## About this task
Reproduce word for word the lines between those holding "2-3-1. ábra: Az elvándorlás főbb okai" and "Read Starting Over as a Tree En Manga Online", inclusive, and nothing else from the data below.

'''

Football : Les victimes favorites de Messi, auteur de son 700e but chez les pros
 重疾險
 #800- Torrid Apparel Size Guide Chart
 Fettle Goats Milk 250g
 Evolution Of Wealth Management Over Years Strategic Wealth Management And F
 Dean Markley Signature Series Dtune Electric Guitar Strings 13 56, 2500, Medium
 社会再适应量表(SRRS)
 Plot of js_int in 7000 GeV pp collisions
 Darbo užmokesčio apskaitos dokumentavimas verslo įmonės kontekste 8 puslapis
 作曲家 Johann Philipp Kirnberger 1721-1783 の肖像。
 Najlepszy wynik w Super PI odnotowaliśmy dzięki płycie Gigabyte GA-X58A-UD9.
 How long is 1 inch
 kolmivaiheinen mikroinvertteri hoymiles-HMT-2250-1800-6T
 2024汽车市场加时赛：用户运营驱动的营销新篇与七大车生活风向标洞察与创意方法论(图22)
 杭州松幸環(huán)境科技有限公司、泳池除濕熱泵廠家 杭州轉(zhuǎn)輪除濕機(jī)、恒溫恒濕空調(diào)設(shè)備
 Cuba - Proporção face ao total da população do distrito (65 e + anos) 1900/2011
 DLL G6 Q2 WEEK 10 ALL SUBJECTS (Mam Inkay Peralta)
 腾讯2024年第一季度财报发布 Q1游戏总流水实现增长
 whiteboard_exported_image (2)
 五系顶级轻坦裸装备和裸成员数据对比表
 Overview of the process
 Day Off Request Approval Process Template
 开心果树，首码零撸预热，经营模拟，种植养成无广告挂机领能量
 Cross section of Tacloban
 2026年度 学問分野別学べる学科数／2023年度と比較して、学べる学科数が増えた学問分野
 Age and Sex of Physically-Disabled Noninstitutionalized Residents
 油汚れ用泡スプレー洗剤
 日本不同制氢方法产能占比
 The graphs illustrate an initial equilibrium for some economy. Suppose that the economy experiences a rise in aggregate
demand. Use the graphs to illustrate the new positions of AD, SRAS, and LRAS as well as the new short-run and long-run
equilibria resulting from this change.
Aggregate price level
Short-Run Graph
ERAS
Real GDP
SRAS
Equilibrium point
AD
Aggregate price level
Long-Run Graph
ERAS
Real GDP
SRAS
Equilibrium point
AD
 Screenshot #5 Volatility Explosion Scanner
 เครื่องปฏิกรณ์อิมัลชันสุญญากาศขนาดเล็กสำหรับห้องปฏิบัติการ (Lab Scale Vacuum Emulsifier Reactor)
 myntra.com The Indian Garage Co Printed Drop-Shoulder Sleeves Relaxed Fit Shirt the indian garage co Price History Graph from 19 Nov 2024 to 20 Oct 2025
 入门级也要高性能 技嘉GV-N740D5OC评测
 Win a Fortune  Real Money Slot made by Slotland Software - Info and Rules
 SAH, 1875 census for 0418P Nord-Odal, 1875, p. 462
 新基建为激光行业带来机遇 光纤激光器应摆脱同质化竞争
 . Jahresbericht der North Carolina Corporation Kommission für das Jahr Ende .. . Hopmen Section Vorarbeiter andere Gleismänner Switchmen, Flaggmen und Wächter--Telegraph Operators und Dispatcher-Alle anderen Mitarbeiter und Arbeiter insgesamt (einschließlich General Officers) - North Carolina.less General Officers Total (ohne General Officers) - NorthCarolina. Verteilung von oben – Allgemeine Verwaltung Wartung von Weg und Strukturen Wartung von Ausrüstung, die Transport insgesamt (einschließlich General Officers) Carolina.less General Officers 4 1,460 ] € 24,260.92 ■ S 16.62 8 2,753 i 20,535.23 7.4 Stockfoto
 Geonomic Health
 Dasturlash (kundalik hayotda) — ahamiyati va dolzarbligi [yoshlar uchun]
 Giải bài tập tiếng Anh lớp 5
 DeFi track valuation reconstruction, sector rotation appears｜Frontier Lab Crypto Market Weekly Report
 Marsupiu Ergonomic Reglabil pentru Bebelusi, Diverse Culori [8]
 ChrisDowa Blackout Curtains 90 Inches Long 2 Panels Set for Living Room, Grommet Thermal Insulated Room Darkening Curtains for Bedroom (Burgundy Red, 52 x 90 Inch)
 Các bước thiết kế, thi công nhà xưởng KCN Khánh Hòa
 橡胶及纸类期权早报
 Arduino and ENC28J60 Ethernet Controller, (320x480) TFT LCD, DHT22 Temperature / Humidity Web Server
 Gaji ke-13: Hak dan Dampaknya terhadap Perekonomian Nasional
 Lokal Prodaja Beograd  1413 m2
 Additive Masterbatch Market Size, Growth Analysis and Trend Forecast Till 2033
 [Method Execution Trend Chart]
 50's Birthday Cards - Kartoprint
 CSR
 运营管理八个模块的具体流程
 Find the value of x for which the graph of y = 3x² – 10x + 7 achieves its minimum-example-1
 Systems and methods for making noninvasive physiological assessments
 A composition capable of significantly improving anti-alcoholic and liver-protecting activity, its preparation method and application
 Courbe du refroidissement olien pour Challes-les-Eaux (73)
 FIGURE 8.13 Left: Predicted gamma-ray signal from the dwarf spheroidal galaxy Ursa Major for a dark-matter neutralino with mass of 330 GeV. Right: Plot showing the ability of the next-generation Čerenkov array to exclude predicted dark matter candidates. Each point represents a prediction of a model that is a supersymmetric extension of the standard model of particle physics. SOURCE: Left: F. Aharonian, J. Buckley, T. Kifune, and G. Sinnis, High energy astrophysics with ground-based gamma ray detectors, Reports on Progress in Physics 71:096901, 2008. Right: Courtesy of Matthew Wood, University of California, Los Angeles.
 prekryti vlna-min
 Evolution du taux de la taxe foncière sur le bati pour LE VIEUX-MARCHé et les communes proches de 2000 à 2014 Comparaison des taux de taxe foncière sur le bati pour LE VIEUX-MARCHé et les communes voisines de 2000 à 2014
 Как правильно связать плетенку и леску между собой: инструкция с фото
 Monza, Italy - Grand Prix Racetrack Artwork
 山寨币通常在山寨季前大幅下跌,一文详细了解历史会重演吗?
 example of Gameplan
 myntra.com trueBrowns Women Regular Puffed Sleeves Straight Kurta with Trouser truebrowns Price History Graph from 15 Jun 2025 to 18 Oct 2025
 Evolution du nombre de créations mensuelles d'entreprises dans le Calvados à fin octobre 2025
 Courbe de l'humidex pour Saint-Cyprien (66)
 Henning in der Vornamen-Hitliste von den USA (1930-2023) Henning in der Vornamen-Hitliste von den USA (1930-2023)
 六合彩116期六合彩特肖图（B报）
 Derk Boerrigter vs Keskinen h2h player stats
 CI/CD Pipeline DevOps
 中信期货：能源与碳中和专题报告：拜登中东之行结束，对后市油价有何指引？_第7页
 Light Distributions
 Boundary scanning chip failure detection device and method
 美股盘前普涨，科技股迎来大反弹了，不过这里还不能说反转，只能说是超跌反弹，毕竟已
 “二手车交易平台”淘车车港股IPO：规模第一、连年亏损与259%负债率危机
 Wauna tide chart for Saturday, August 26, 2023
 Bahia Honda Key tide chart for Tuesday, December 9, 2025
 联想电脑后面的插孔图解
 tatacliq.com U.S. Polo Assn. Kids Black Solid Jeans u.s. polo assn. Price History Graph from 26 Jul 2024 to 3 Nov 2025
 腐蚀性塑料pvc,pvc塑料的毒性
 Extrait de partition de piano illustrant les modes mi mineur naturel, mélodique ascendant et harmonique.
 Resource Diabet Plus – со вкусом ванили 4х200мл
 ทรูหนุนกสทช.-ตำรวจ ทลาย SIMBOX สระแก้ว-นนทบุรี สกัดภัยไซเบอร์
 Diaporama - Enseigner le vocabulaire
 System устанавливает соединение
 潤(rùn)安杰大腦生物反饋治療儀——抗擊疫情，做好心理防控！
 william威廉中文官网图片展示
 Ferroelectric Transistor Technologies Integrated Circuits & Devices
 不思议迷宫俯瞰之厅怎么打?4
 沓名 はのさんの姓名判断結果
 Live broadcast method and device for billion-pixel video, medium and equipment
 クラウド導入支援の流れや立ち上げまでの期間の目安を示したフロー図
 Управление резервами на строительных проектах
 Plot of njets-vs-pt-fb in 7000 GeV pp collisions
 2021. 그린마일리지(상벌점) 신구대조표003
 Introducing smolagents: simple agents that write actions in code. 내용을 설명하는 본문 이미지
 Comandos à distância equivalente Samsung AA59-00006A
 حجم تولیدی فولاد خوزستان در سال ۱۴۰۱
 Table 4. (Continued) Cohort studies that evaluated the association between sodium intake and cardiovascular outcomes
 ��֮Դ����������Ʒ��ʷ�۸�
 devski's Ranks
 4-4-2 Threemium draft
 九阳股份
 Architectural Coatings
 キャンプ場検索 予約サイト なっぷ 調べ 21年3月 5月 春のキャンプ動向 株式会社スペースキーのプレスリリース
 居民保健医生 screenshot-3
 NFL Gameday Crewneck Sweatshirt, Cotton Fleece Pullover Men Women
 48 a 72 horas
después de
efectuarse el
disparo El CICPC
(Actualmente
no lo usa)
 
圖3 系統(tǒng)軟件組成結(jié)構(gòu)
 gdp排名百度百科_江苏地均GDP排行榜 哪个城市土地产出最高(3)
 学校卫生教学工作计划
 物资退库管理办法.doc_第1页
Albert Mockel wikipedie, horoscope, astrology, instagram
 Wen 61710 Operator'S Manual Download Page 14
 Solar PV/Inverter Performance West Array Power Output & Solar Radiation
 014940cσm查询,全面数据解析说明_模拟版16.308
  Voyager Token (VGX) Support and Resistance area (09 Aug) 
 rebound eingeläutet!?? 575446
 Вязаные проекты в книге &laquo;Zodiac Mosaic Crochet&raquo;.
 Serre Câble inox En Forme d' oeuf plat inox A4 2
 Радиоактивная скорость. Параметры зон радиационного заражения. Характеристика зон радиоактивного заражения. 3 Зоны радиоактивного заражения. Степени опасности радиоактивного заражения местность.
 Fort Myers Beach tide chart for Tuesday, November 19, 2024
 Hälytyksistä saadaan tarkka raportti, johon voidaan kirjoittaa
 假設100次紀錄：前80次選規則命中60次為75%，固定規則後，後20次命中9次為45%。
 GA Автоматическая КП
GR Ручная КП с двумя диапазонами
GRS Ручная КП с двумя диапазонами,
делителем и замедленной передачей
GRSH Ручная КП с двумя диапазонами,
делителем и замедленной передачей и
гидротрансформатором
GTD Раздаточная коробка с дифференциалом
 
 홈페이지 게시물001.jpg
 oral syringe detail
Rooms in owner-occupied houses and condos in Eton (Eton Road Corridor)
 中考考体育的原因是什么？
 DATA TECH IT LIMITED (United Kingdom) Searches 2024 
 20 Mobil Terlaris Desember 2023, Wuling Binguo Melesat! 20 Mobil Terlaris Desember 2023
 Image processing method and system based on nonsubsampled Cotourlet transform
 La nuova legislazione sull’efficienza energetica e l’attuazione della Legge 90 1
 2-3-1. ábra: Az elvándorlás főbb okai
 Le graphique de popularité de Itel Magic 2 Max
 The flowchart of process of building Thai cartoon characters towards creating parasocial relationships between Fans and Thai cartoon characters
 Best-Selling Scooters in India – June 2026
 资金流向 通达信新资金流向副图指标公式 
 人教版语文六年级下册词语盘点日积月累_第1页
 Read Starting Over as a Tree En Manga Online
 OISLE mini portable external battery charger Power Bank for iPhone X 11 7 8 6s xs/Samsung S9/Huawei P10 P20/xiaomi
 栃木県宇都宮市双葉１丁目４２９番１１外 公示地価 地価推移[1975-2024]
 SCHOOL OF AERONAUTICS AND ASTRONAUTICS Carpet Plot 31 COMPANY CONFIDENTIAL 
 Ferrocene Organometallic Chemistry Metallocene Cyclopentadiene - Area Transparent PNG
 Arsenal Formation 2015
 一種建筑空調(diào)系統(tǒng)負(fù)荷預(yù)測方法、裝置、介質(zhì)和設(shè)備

'''

## Response to the task
 2-3-1. ábra: Az elvándorlás főbb okai
 Le graphique de popularité de Itel Magic 2 Max
 The flowchart of process of building Thai cartoon characters towards creating parasocial relationships between Fans and Thai cartoon characters
 Best-Selling Scooters in India – June 2026
 资金流向 通达信新资金流向副图指标公式 
 人教版语文六年级下册词语盘点日积月累_第1页
 Read Starting Over as a Tree En Manga Online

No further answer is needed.